Reversing Deforestation
Although it’s difficult for the PES payments to compete with the potential earnings from conversion to these alternative land use strategies (at least in the short term as tropical forest soils are generally unsuited for sustained intensive agriculture), they can provide an important supplement to household incomes for landowners interested in keeping their land forested. Importantly as well, the payments emphasise that the nation’s forests are of national importance and thus worth paying for. Since the program’s inception, over 10,000 farmers have been paid to preserve nearly one million hectares of forest. Costa Rica’s forest cover has increased to over 50% of its land area making it the only nation in the world to significantly increase its tropical forest cover.

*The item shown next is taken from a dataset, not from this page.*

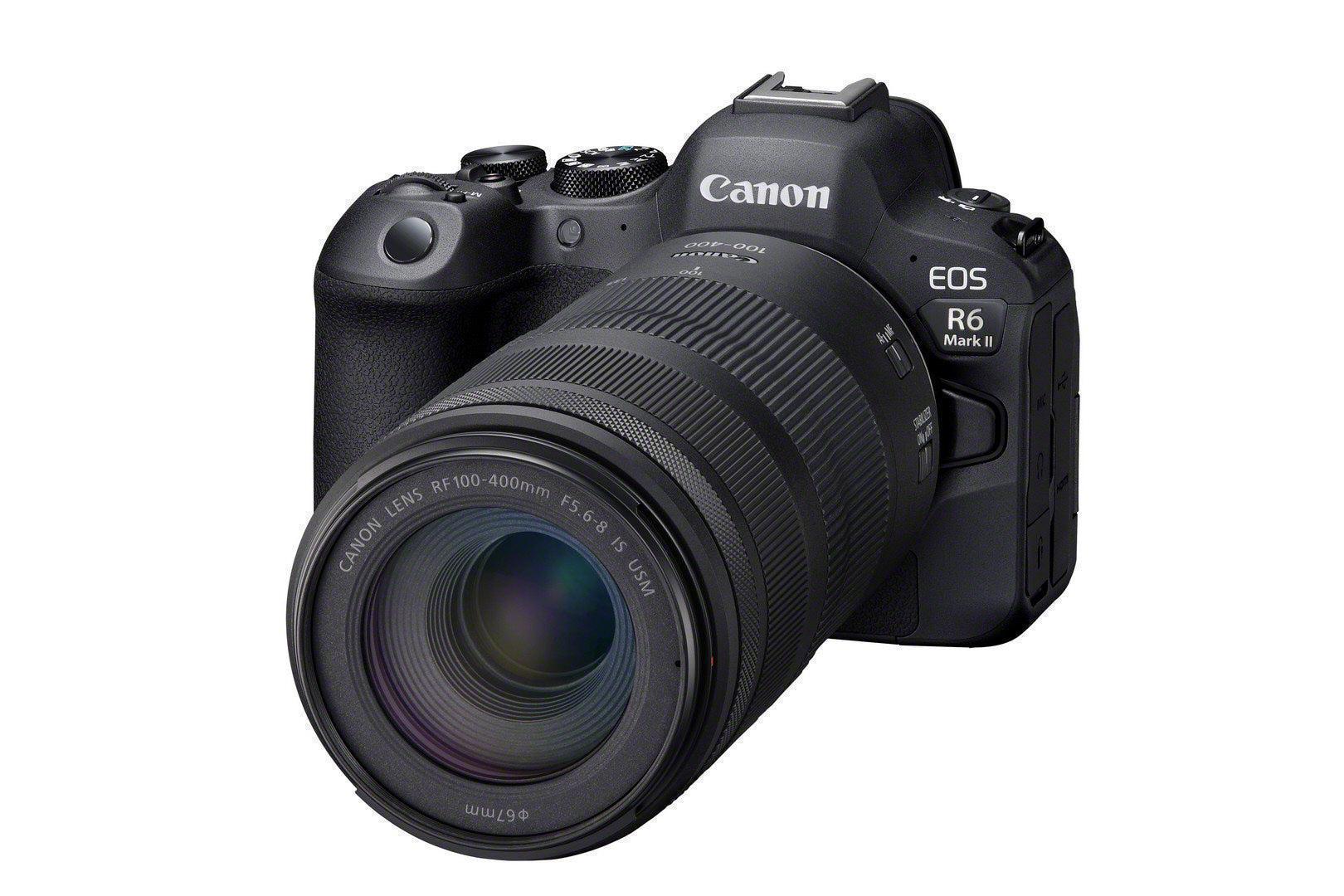 Canon EOS R6 Mark II Body - Gar. Canon Italia - Cine Sud è da 48 anni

Due largely to Costa Rica’s experience, direct payment programs have spread throughout the developing world. Mexico, Ecuador, Bolivia, Vietnam, Mozambique and Uganda are some of the nations that have adopted similar direct payment programs based on the Costa Rican model in the attempt to replicate their success at reversing deforestation and increasing forest cover.
Evaluating PES
This global expansion has led PES to be one of the most widely researched conservation policy strategies of the last decade. These studies have produced inconclusive findings regarding the effectiveness of PES at conserving tropical forests as well as providing sufficient income to encourage landowners to change their behaviour. In the Costa Rica case, landowners have been paid based on the size of their parcels, rather than its ecological value or risk of being cleared. Moreover, large landowners are disproportionately represented in the program. While they be giving up potential income by maintaining their forest, they are unlikely to be relying on the forest for subsistence or potentially have the desire to convert their forest to other uses. Many larger landowners have also started ecotourism operations, providing another means of receiving income from forest protection.
Thus, it can be difficult to determine the extent that PES has been responsible for Costa Rica’s remarkable increase in forest cover. PES has also been accompanied by the broader national policy of sustainability including mandatory environmental education, promotion of ecotourism as a development strategy and marketing the nation’s natural resources and sustainability as a global brand. As demonstrated by the fact that forest cover had begun increasing in the decade prior to the implementation of PES, these other policies have likely also been a factor in altering citizen behaviour towards forest protection.
These complicating factors have led to scholars revising their research methods and conservation planners to revise their PES programs. In a second stage of PES research, scholars are beginning to employ remote sensing and experimental controls to try and isolate the impacts of PES from these other potential factors influencing individual decisions to cut or maintain the forest. Overall, these controlled studies indicate that PES has been responsible for a modest reduction in deforestation levels where they have been adopted. Costa Rica has subsequently revised its program based on these evaluations, including targeting distributions towards more small landowners and areas of greatest ecological value.
Although protected areas will continue to be an important forest conservation tool, by encouraging conservation on private lands, economic incentive programs such as PES will likely continue to expand their role in efforts to preserve tropical forests and other valuable natural areas.